‘Lo and Behold: Reveries of the Connected World’ Review: Werner Herzog Skims the Internet

This documentary exploration of the online world has no grand vision, just a lot of little ones nestled side by side

Werner Herzog once referred to himself as a soldier of cinema, but in recent years he’s been more like a soldier of fortune. He’s never been busier, premiering three new features this year alone, but more of his personality comes through in the interviews he does to promote them than in the films themselves.
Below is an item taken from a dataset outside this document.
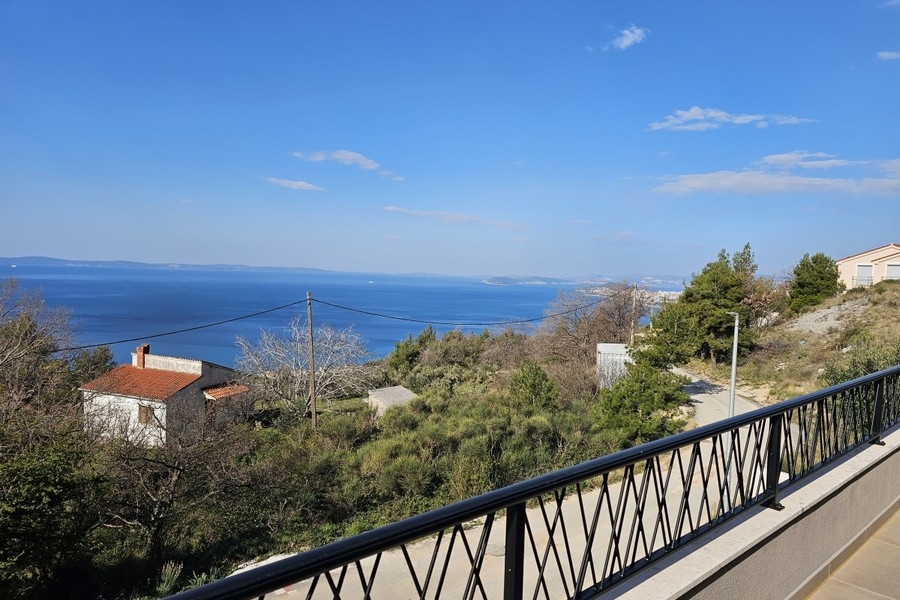 Vista mare sulla linea costiera vicino a Podstrana nella zona di Split, Croazia.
Given that Herzog doesn’t own a smartphone and has always favored the natural over the mechanical, you might expect he’d approach a documentary about the Internet with extreme skepticism, like the world’s smartest cranky grandpa. But “Lo and Behold: Reveries of the Connected World,” which was financed by the cybersecurity firm NetScout, is more starry-eyed than cynical, a Herzogian gloss on a corporate promotional video.

“Lo and Behold” takes its title from the first word ever sent over the Internet, a cry of astonishment produced by accident: scientists at UCLA intended to tell their colleagues they were online, but the system crashed two letters into the word “log.” Herzog’s sense of wonder is less inadvertent. He opens the movie with the ecstatic build of the prelude to Wagner’s “Das Rheingold,” just as Terrence Malick did “The New World,” and as Leonard Kleinrock shows off the first node of what would become the internet, a massive, sturdy metal cabinet that looks like it could sustain several blows from a sledgehammer, there’s a similar sense of boundless possibility being opened up.

Lo-and-Behold_HerzogAs in “The New World,” that endless possibility soon crashes into the ugly reality of human nature. “Lo and Behold’s” second segment, “The Glory of the Net,” is followed by “The Dark Side.” The latter consists of an interview with the parents of Nikki Catsouras, who endured almost unspeakable torments after photos of their dead, nearly decapitated daughter were leaked onto the internet. Make that literally unspeakable as far as Herzog is concerned, who treats the most inhumane of those attacks as he did the tape of Timothy Treadwell’s death in “Grizzly Man,” carving out a space for them in the film that he then pointedly refuses to fill.

Given that Catsouras’ father describes receiving an email with a photo of his daughter’s corpse and the words “Woohoo Daddy! Hey daddy, I’m still alive,” the mind reels, as its meant to, with the possibilities of what could have been worse. When her mother, a devout Christian describes the Internet as “the spirit of evil — the antichrist,” it’s unsettling, but you can’t exactly blame her.

Many of Herzog’s recent documentaries have been produced under the aegis of TV channels, and “Lo and Behold” often feels like a miniseries compressed into feature form. Its segments broaden an understanding of the internet’s impact, but they don’t meaningfully interact with each other. Do we sign onto an astronomer’s apocalyptic vision of what the world might look like if a giant solar flare wiped out the online world? Or the apparently bucolic existence of people who have taken up residence in the transmission-free area around a radio telescope in Green Bank, West Virginia, effectively living as if the internet never existed? There’s no grand vision to the film, just a lot of smaller ones nestled side by side.

Herzog’s greatest theme has always been the nature of obsession, which ought to make the internet an ideal subject for him: There has never been a tool that allowed human beings to disappear down a rabbit hole with greater ease. But “Lo and Behold” never sticks with a single subject long enough for that obsession to develop a personal dimension, leaving countless intriguing threads unpursued. (What, for example, is internet pioneer Ted Nelson’s beef with the current definitions of “cut” and “paste”?)

If it had half the segments, and they were twice as long, the movie might be able to get beneath the surface and find the monomaniacal characters Herzog is often so great at exploring. As it is, watching “Lo and Behold” is like reading the internet over someone else’s shoulder, watching them click away every time an article starts to get interesting.